After a flurry of media coverage, the
controversy–which was first revealed by the Weekly–subsided. But top AOCSD
officials are still seeking to influence Rackauckas and The Orange County
Register
. They've won mixed result. 

]

I'm told the DA has agreed to assign one of his senior assistants to once again review the union's complaint. Also, in the last weeks of 2009, the union encouraged a Register reporter to write a news article that ridicules Rackauckas' stance as factually disingenuous.

Hutchens, who was appointed to replace convicted felon Mike Carona as sheriff in 2008, and Rackauckas have a history of sparring. In her first weeks in office in 2008, the sheriff told Rackauckas to mind his own business after prosecutors complained that deputies repeatedly gave special treatment to a fellow deputy suspected of being a serial pedophile. Incredibly, veteran deputies allowed the target to secretly monitor their investigation of him and, despite strong evidence of his sex crimes, asked the DA's office to drop the case. That deputy, Gerald Stenger, committed suicide in his patrol car after being tipped that DA investigators were planning to arrest him.

In 2006, amid inmate cries that a deputy sanctioned the jailhouse murder of inmate John Derek Chamberlain, the sheriff department adamantly refused to give DA investigators crime scene access until after deputies sanitized the area from evidence. Later, department officials lied and hid documents from an investigating grand jury.

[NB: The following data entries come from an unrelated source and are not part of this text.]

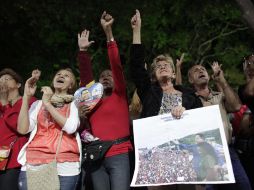 Simpatizantes de Hugo Chávez se reúnen para mostrar su apoyo al mandatario. AP  /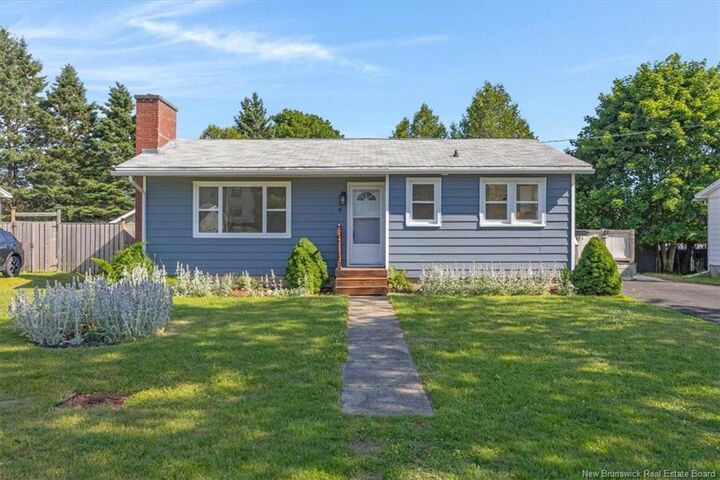 Property Photo: 9 Hayward Court NB E2K 2A4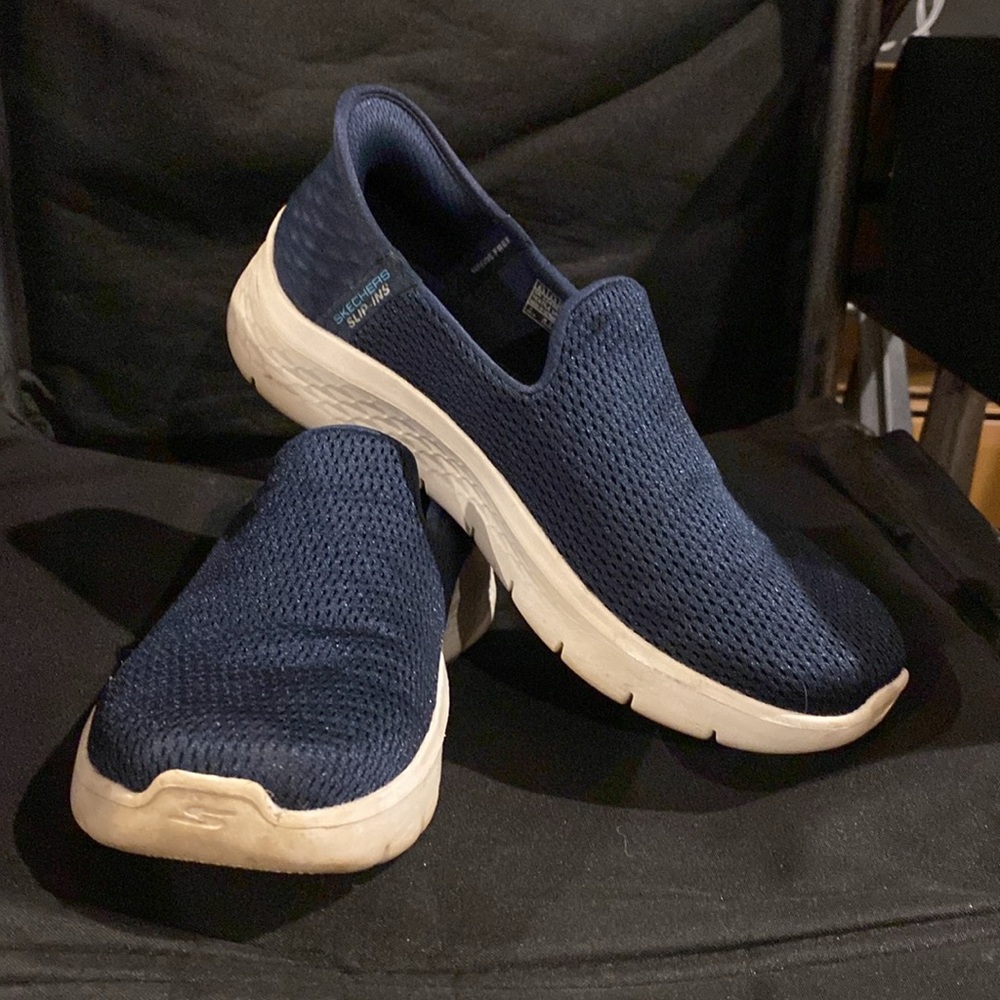 Ladies navy blue Skechers sneakers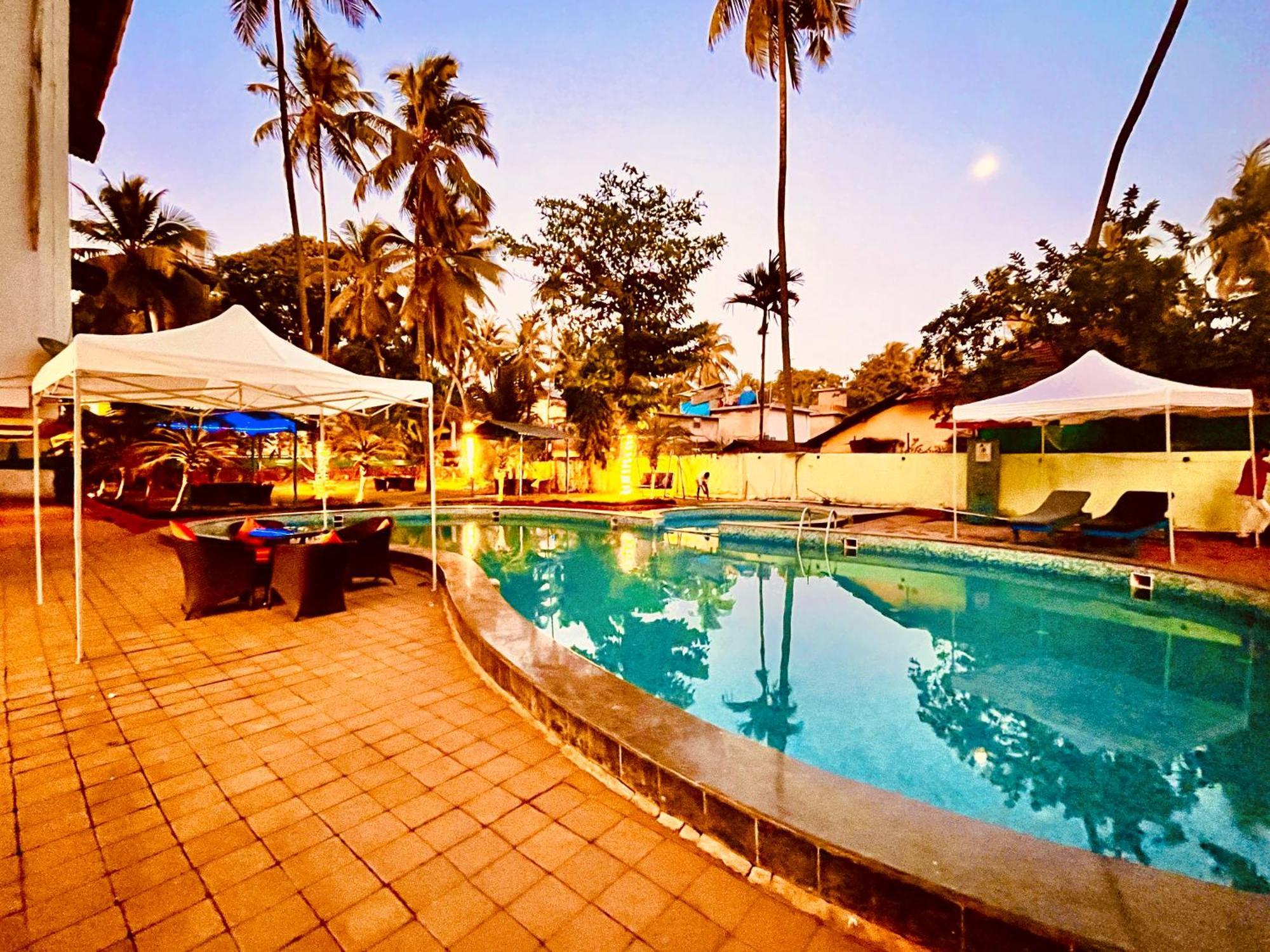 The Calagute Beach Resort By Shivam Resort 1 Km From Beach Candolim Ngoại thất bức ảnh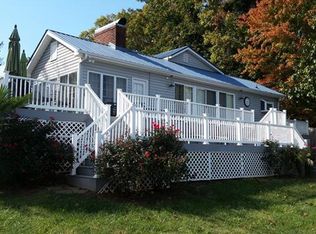 954 Pinehaven Dr, Badin Lake, NC 28127
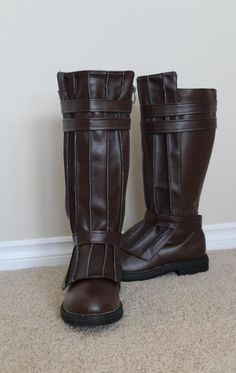 a pair of brown boots sitting on top of a carpet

      In 2007, prosecutors complained that sheriff investigators repeatedly botched their probe of a deputy who forced as many as 12 Orange County prostitutes to give him sexual favors; the DA's office nevertheless managed to win a conviction.

      Last month, an OCSD deputy was convicted of lying to protect a fellow off-duty deputy caught illegally poaching underage lobsters in Dana Point Harbor. The deputy sought to dissuade a game warden from issuing a ticket by pretending his colleague was an important confidential source who shouldn't be forced to give his name. The ruse failed when the game warden became suspicious.